What about assets posted as margin?
It’s one thing hocking off assets which your client bought with the proceeds of your loan and has asked you to look after: what about assets a client has posted to you explicitly by way of margin for unrelated exposures or liabilities? Surely you can use those, right? Here it depends what kind of margin it was (initial or variation) and how the UCITS transfers it to you in the first place. In a nutshell, variation margin is easy; initial margin a bit more of a trick.
- Title transfer: Needless to say[1] if a UCITS fund posts non-cash assets by title transfer, they are the broker’s to do with as it pleases.
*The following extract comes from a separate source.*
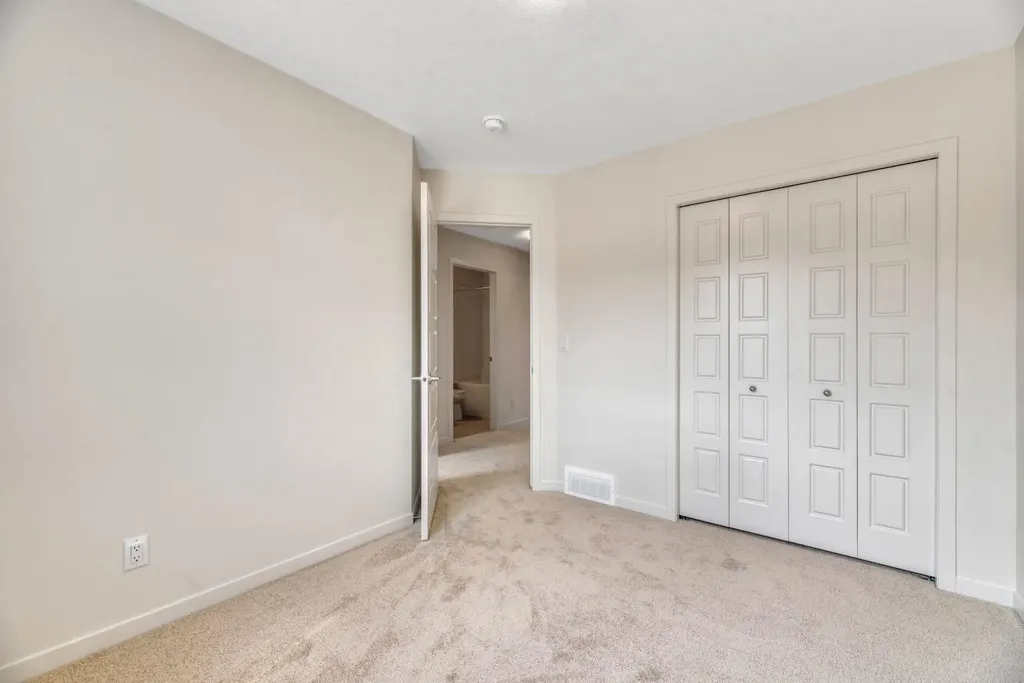 296 Marmot Grove NW Calgary AB T3R 2B5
But variation margin, these days, tends to be cash, and initial margin presents a problem, because title transfer opens up an unsecured exposure to the broker for the return of the posted assets, and UCITS funds have tight concentration limits for counterparty exposure. So you may find title transfer is not really on the cards for initial margin.
- Pledge/security interest: Well, if you read literally, Art 22(7) makes this a non-starter too. Even for variation margin. Here's a legal opinion on use of assets in AIFMD and UCITS:
- The regime for UCITS assets is different [to AIFMD]: pursuant [Quotes Article as set out in the panel] It is worth recalling the above rules [in Article 22(7)], in particular to the extent that the ban on the reuse of the UCITS assets for the depositary account should be ensured throughout the chain as it is part of the depositary’s due diligence requirements. Indeed, Article 15(3) of the UCITS V Regulation 2 explicitly foresees that “A depositary shall exercise all due skill, care and diligence in the periodic review and ongoing monitoring to ensure that the third party continues to comply with the criteria provided for in paragraph 2 and the conditions set out in [...] Article 22a(3)(a)-(e) of UCITS V and shall at least: […] (d) monitor compliance with the prohibition laid down in [...] Article 22(7)”.
For Regulatory IM it is probably no biggie that you can’t do anything with it, since you are not meant to do anything with it anyway. The assets are meant to be immobilised, away from the clutches and rehypothecatory designs of your broker and the fragile, feather-weight, jacked-up-on-vega credit-quality of its client. But for ETD it’s a different story: your clearing broker will need to the margin you posted to it down the line to satisfy its own IM requirements to the clearing house and intermediate brokers. If it can’t freely reuse your initial margin, it will have to fund its own. And guess who’s going to pay for that.[2]